I'm actually surpised that I've managed to do this well this semester...


----------



## rctriplefresh5 (Aug 24, 2009)

yellowpaper said:


> omg me too... I've always had a problem with procrastination but I still put enough effort to have a 4.0. It's my jr year and I'm going to make at LEAST 2 B's (if i'm lucky/do some work), and I haven't done ANYTHING all day.
> 
> I'm actually surpised that I've managed to do this well this semester...


well, the reason i have a 4.0 is because i was on top of my **** in the past semesters. its just this semester im really slacking!! however im still getting a 95 in my chem class, a b plus in my bio class, and a b in my math class. i would be pretty upset if i got less than A'S in my classes however im not doing anything to change the currently inevitable fate i am facing hah.


----------



## yellowpaper (Nov 13, 2007)

rctriplefresh5 said:


> well, the reason i have a 4.0 is because i was on top of my **** in the past semesters. its just this semester im really slacking!! however im still getting a 95 in my chem class, a b plus in my bio class, and a b in my math class. i would be pretty upset if i got less than A'S in my classes however im not doing anything to change the currently inevitable fate i am facing hah.


yeah exactly the same thing here... usually i'd put the effort in to get those A's, but i've basically guaranteed these 2 b's.


----------



## Banzai (Jun 4, 2009)

I have the exact same problem except, I "mostly" do _do_ it if there is no other option, even if it means staying up until 2am.


----------



## Girl_Loner (Mar 17, 2009)

I have no idea how I got to this realisation, but this is my theory.

I'm such a perfectionist that when it comes to assignments I know I can never complete immaculately I will procrastinate. (I procrastinate all of them) Because at least then I can tell myself..oh well I only did the essay in one day, pretty good mark for not even trying.

I think someone told me this, don't remember who now.

Once did a half year assignment in 3 days non-stop no sleep haha.
:hyper


----------



## yellowpaper (Nov 13, 2007)

Me too.

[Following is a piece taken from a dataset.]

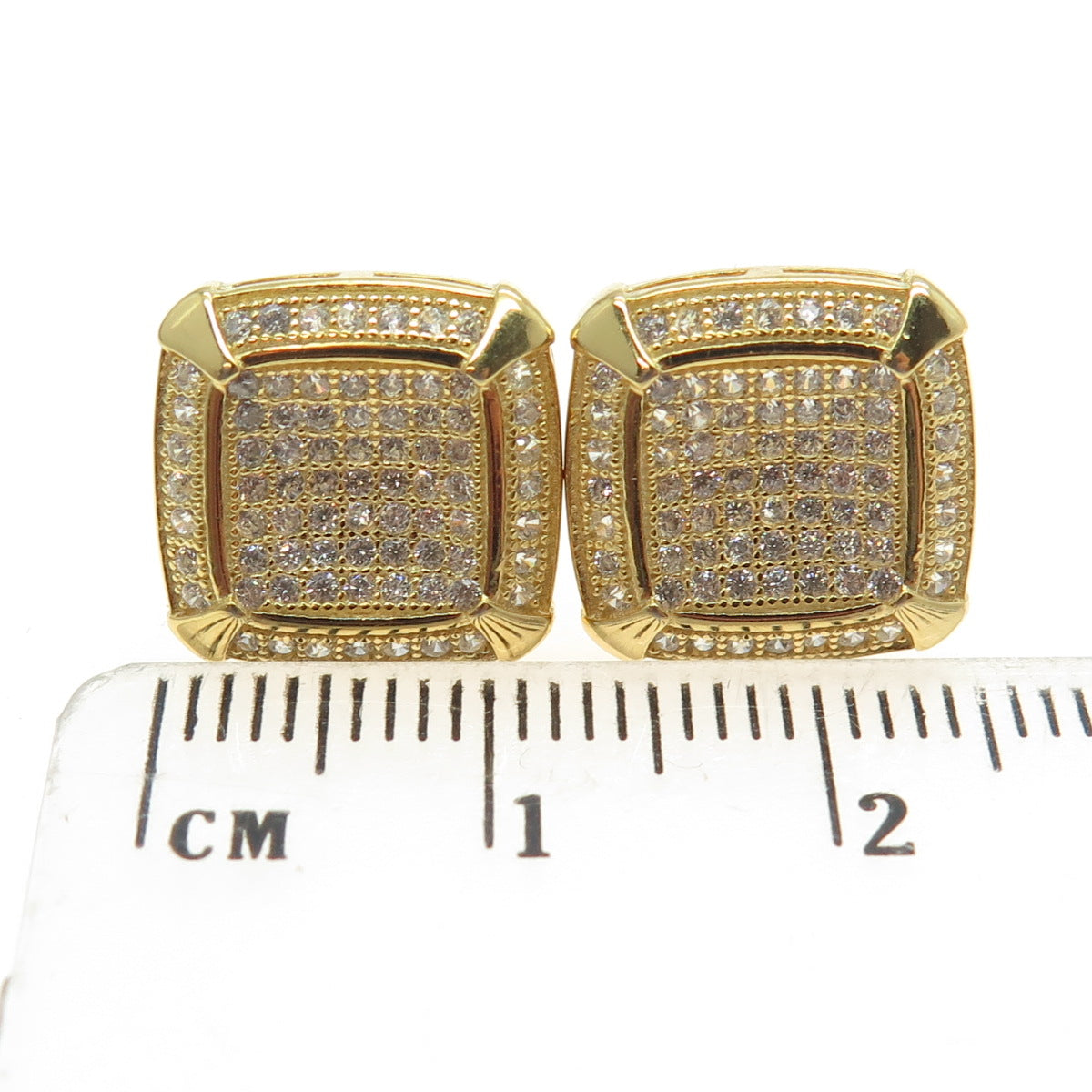 925 Sterling Silver Gold Plated Pave C Z Stud Earrings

It's hugely the perfectionism for me.. other things too.


----------



## rctriplefresh5 (Aug 24, 2009)

yellowpaper said:


> Me too. It's hugely the perfectionism for me.. other things too.

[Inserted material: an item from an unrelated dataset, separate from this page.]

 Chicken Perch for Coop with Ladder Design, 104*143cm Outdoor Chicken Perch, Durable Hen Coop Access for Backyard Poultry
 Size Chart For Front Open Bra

yeah, same for me. i wanrt to keep my 4.0 gpa so much, that i feel if i try and get less than that its not worth it so i dont even try. however im going to find a way to get m ychem studying in before my chem test. and il lstudy for bioo too. as for my math project, is it wrong that i copied like 1/2 of it, and plan on copying more. i feel like these projects take up so much useless time, all i care about is the tests. i mean i plan on doing the homework (maybe sometime if i feel like it before doing the test ha) but the projects i feel no grief about copying it and saying syanara. i pretty much did that for the first projects man.


----------